Doch trotz dieser Zusetzungen ist die Kölner Stadtbibliothek noch immer extrem unterfinanziert. Dies wurde in der Antwort auf eine Anfrage der LINKEN vom März 2011 deutlich (1187/2011). In Bezug auf fast alle Indikatoren, die in der Deutschen Bibliotheksstatistik den finanziellen, sachlichen oder personellen Input beschreiben, nimmt die Kölner Bibliothek die schlechtesten Werte aller deutschen Großstadtbibliotheken ein. Dieser Mangel kann auch durch das Engagement der Mitarbeiter und die Organisationsleistungen der Bibliotheksführung nicht ausgeglichen werden.

Die Stadtbibliothek erreicht ein gutes Verhältnis von Input zu Output, zum Beispiel der Gesamtausgaben im Verhältnis zur Zahl der Besuche der Bibliothek, aber sie liegt in Bezug auf die Zahl der Besuche pro Einwohner, die Medienausstattung, die Erneuerungsquote bei Medien, die Öffnungszeiten, die Publikumsfläche deutlich unter dem Mittel der Stadtbibliotheken deutscher Großstädte.

Der Personalrat der Stadtbibliothek hat in einem Flugblatt im März 2010 beklagt, dass die Stadtbibliothek im Verhältnis zu ihren Aufgaben mit zu wenig Personal ausgestattet ist. Eine immense Arbeitsbelastung ist die Folge. Die Stadt Köln sollte sich zu ihrer Bibliothek bekennen und ihr die Mittel zur Verfügung stellen, die sie für ihre Weiterentwicklung benötigt.

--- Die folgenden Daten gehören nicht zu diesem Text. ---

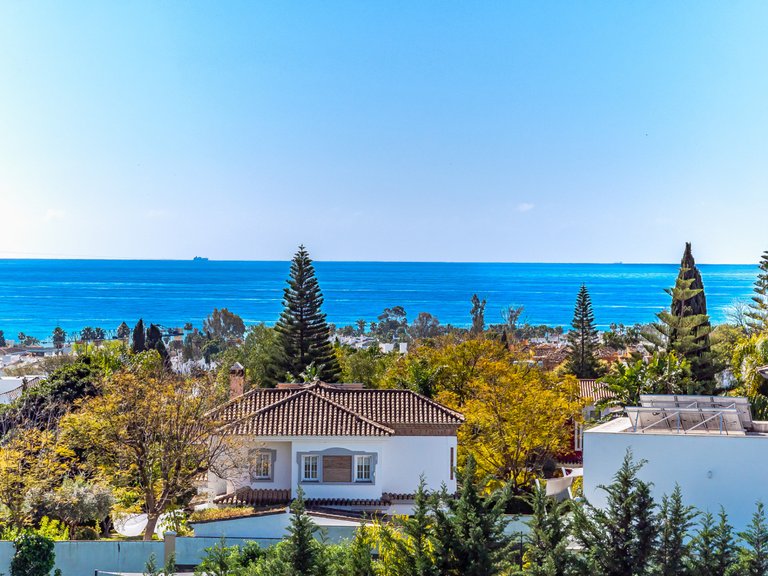 Penthouse for Sale in Benahavis, Malaga 1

Das in diesem Antrag unter Punkt 1 vorgeschlagene Ziel ist dabei noch recht bescheiden:
Es geht darum, die Stadtbibliothek, die derzeit schlechter ausgestattet ist als jede andere Großstadtbibliothek in Deutschland, zumindest in das Mittelfeld der Bibliotheken anzuheben.
Auch wenn die Kölner Stadtbibliothek die 50%-Marke unter den Großstadtbibliotheken erreicht, wird sie noch deutlich unter den Werten der bestausgestatteten Bibliotheken liegen. Die Ausstattungslage der Stadtbibliothek lässt sich nicht von einem Jahr auf das nächste auf einen durchschnittlichen Stand bringen. Die Erweiterung des Personals und ebenso der Aufbau des Medienbestandes benötigen Zeit. Aus diesem Grund erscheint es sinnvoll, die Ausstattung der Stadtbibliothek in mehreren Schritten über die kommenden fünf Jahre zu verbessern.

Der Einfluss von Technologien, wie der neu eingeführten RFID-Etiketten, ist bei der Feststellung des Ressourcenbedarfes zu berücksichtigen.